REQUIRED ACTION:
Reproduce exactly the lines from the line containing "Casa à venda com 3 quartos, 150m² - Foto 2" through the last line of the listing, and no others.

RECORDS FOR THIS TASK:
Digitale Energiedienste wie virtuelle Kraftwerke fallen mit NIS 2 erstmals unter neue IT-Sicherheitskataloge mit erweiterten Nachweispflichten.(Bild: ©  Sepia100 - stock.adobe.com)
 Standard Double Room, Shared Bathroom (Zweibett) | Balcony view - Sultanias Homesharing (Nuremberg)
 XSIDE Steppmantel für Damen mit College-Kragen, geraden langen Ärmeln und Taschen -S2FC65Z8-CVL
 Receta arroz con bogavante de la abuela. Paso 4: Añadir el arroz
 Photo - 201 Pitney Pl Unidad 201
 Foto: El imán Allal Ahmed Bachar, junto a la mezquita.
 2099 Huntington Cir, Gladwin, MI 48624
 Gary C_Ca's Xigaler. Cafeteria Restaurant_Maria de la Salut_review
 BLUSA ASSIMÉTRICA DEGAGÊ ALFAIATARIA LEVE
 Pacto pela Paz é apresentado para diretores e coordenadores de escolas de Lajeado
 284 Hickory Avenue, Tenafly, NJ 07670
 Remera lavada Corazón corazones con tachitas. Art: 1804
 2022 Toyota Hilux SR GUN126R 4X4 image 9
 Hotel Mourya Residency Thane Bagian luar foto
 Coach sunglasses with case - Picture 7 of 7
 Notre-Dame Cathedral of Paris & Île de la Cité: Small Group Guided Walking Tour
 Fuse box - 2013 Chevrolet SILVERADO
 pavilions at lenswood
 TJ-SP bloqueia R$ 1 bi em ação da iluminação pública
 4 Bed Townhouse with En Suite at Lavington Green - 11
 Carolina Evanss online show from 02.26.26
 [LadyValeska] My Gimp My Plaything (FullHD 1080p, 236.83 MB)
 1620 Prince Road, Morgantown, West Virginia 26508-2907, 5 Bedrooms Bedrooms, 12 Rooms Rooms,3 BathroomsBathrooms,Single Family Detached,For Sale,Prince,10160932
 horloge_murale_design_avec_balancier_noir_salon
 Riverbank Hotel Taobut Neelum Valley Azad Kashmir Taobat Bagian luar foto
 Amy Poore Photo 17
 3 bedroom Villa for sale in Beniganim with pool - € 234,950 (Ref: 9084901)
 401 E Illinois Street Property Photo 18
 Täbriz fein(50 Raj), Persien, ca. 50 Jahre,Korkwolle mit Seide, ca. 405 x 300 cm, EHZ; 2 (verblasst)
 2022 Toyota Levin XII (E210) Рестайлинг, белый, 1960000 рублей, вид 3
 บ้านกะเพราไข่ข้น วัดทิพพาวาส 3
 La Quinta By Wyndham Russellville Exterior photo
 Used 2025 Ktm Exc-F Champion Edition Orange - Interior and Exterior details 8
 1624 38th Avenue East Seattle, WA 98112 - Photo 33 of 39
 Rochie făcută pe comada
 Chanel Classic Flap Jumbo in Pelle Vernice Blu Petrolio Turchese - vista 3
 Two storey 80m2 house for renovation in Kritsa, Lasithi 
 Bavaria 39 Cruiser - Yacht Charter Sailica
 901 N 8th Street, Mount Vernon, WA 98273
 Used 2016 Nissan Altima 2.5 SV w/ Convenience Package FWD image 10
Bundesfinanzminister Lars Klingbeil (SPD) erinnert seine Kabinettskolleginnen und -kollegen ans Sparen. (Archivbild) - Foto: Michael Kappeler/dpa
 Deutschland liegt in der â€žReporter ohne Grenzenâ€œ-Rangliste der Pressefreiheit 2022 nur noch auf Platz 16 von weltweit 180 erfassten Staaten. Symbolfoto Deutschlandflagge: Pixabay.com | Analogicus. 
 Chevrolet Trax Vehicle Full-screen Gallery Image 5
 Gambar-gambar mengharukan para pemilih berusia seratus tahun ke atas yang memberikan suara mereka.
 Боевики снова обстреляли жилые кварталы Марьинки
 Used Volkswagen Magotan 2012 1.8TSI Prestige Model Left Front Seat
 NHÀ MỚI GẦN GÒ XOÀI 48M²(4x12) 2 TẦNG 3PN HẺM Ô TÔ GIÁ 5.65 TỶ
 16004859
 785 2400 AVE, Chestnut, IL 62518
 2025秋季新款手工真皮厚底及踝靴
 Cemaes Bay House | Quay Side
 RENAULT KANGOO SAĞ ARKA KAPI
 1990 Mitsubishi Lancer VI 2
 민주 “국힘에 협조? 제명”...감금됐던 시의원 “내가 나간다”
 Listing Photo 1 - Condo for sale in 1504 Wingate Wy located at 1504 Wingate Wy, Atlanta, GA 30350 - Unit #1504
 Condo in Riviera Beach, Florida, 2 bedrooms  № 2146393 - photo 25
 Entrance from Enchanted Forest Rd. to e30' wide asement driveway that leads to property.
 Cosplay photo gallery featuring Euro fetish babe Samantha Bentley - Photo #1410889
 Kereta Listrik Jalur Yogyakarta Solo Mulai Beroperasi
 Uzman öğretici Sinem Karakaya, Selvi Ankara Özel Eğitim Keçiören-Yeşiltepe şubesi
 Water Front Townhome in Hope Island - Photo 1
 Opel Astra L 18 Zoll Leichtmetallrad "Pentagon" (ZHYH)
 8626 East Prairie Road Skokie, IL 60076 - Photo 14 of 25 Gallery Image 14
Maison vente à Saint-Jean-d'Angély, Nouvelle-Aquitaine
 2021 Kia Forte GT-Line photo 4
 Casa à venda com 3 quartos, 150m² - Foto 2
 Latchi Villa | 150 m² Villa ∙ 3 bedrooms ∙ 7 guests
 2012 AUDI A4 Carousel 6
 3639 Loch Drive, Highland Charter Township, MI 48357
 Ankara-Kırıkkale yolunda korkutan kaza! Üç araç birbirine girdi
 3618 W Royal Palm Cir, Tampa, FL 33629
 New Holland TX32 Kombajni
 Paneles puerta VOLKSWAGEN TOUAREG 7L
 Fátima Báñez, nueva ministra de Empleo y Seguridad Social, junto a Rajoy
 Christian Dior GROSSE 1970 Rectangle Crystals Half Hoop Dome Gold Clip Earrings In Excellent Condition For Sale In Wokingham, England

SOLVED EXERCISE:
 Casa à venda com 3 quartos, 150m² - Foto 2
 Latchi Villa | 150 m² Villa ∙ 3 bedrooms ∙ 7 guests
 2012 AUDI A4 Carousel 6
 3639 Loch Drive, Highland Charter Township, MI 48357
 Ankara-Kırıkkale yolunda korkutan kaza! Üç araç birbirine girdi
 3618 W Royal Palm Cir, Tampa, FL 33629
 New Holland TX32 Kombajni
 Paneles puerta VOLKSWAGEN TOUAREG 7L
 Fátima Báñez, nueva ministra de Empleo y Seguridad Social, junto a Rajoy
 Christian Dior GROSSE 1970 Rectangle Crystals Half Hoop Dome Gold Clip Earrings In Excellent Condition For Sale In Wokingham, England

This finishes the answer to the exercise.